**Task brief:** Please give the number of lines in the material below that contain "sale", and provide nothing besides that number.

**Dataset content:**
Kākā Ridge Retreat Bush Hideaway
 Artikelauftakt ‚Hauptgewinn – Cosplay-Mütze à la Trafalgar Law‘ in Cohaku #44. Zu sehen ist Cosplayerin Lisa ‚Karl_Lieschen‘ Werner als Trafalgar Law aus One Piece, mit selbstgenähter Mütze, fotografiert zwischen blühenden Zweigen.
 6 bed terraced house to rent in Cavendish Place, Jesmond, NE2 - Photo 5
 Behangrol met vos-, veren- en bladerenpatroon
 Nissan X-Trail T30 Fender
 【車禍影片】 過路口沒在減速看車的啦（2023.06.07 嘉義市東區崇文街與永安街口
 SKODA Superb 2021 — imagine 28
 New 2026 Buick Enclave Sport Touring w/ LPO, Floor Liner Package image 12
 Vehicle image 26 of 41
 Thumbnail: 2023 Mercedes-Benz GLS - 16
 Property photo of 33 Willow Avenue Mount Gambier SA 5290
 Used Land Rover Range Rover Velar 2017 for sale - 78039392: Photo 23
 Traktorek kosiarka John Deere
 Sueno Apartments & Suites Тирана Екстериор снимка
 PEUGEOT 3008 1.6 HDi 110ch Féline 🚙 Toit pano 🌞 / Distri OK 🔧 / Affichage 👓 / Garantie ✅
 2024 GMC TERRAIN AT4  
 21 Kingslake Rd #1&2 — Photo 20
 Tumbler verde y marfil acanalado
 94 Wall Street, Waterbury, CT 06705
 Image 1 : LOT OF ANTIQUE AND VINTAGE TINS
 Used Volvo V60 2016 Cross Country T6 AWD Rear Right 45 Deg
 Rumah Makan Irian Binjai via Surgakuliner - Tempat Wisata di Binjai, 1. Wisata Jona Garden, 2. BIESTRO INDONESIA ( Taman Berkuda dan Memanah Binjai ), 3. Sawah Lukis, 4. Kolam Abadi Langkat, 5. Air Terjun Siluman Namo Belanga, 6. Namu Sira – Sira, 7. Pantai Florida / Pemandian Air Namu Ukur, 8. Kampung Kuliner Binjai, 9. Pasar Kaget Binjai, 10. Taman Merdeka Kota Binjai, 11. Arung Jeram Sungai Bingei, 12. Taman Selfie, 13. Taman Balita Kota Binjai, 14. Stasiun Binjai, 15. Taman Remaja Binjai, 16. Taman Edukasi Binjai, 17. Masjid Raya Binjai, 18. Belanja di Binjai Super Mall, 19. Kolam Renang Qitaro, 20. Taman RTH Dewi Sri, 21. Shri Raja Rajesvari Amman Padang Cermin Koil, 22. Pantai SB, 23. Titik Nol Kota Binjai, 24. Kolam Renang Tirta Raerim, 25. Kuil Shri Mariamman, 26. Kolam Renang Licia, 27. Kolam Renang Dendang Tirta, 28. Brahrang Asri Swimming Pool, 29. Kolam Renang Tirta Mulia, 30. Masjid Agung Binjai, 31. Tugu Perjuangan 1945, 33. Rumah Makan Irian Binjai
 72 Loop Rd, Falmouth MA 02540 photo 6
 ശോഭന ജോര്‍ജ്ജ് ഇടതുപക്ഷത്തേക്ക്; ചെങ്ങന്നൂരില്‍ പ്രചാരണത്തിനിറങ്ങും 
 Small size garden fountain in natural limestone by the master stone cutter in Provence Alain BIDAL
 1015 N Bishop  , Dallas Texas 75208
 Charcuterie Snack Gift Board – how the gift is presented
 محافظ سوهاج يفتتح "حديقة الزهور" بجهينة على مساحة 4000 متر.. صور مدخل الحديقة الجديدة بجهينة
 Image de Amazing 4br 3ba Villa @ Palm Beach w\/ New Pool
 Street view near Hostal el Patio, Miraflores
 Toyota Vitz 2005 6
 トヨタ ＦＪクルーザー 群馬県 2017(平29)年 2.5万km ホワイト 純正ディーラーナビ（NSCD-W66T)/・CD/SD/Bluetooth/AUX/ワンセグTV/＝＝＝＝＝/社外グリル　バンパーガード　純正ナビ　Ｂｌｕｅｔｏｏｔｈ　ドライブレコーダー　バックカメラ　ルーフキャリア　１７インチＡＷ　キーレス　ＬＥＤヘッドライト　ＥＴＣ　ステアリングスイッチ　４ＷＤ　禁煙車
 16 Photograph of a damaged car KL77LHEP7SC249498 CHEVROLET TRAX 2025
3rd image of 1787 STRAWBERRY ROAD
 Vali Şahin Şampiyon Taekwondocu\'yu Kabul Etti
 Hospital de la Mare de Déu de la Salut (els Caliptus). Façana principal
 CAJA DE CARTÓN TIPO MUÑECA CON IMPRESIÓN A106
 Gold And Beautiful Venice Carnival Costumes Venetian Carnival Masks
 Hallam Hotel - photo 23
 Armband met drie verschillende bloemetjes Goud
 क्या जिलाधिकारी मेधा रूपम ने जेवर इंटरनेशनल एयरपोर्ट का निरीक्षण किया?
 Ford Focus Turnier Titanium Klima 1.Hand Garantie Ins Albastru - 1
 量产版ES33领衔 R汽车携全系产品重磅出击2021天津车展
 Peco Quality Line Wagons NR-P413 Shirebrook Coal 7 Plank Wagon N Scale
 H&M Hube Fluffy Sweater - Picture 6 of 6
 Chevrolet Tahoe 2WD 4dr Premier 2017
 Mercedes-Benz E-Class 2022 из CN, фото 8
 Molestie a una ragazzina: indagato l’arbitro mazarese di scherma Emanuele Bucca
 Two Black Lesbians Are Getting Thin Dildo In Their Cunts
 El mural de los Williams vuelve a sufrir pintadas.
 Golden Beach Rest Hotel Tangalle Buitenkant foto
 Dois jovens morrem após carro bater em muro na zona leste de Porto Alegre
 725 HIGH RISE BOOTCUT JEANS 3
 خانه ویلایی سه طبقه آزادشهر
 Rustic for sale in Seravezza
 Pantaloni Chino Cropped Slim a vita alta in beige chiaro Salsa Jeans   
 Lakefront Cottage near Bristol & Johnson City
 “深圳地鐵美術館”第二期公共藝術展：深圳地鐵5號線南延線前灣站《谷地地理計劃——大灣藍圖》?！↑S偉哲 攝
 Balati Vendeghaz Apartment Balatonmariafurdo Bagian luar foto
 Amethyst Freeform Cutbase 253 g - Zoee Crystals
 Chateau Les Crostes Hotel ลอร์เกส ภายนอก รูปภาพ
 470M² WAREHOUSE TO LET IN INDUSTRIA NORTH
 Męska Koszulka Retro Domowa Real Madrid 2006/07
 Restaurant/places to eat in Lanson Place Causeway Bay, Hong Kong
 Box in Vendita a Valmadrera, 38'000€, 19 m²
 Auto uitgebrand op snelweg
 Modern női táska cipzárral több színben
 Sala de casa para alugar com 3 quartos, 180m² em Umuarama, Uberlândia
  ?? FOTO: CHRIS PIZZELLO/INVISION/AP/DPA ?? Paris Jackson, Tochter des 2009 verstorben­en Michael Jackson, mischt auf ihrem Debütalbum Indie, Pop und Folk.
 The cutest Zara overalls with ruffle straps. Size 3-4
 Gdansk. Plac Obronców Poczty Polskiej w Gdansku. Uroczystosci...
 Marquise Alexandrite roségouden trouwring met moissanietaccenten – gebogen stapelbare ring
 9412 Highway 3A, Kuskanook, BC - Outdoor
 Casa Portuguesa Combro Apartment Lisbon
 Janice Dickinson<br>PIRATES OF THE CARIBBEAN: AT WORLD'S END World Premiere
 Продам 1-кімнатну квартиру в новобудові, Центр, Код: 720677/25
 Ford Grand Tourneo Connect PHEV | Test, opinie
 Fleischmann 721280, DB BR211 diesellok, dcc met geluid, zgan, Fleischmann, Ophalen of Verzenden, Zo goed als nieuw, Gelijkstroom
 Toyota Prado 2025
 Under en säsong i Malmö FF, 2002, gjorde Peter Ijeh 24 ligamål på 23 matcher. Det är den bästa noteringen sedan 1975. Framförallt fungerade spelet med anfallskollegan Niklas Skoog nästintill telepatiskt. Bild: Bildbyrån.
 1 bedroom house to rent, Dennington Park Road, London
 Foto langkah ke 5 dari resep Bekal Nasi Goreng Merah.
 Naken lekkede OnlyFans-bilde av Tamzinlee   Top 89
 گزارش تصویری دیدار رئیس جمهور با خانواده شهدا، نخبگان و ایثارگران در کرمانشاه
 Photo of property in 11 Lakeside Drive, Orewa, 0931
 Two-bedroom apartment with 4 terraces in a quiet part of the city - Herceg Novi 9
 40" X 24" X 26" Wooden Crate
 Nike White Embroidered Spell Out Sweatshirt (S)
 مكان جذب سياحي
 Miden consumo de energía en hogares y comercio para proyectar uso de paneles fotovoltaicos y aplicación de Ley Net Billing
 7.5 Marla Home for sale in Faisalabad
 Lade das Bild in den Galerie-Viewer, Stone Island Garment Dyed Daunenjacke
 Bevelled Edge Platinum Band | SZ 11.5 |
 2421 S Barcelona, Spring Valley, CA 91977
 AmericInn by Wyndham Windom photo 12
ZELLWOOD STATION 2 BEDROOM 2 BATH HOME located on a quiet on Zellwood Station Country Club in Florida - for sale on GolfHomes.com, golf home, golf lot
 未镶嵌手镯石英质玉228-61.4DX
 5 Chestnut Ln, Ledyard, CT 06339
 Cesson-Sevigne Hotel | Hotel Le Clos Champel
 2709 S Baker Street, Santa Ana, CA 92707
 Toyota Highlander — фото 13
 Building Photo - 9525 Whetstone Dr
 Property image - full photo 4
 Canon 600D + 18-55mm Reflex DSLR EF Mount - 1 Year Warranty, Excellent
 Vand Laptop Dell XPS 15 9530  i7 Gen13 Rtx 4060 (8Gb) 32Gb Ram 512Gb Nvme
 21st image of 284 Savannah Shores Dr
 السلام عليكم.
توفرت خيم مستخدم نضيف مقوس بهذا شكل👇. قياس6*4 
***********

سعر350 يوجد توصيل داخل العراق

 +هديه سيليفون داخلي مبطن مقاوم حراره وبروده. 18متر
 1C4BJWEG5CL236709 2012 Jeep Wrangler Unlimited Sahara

**Response for this exercise:** 4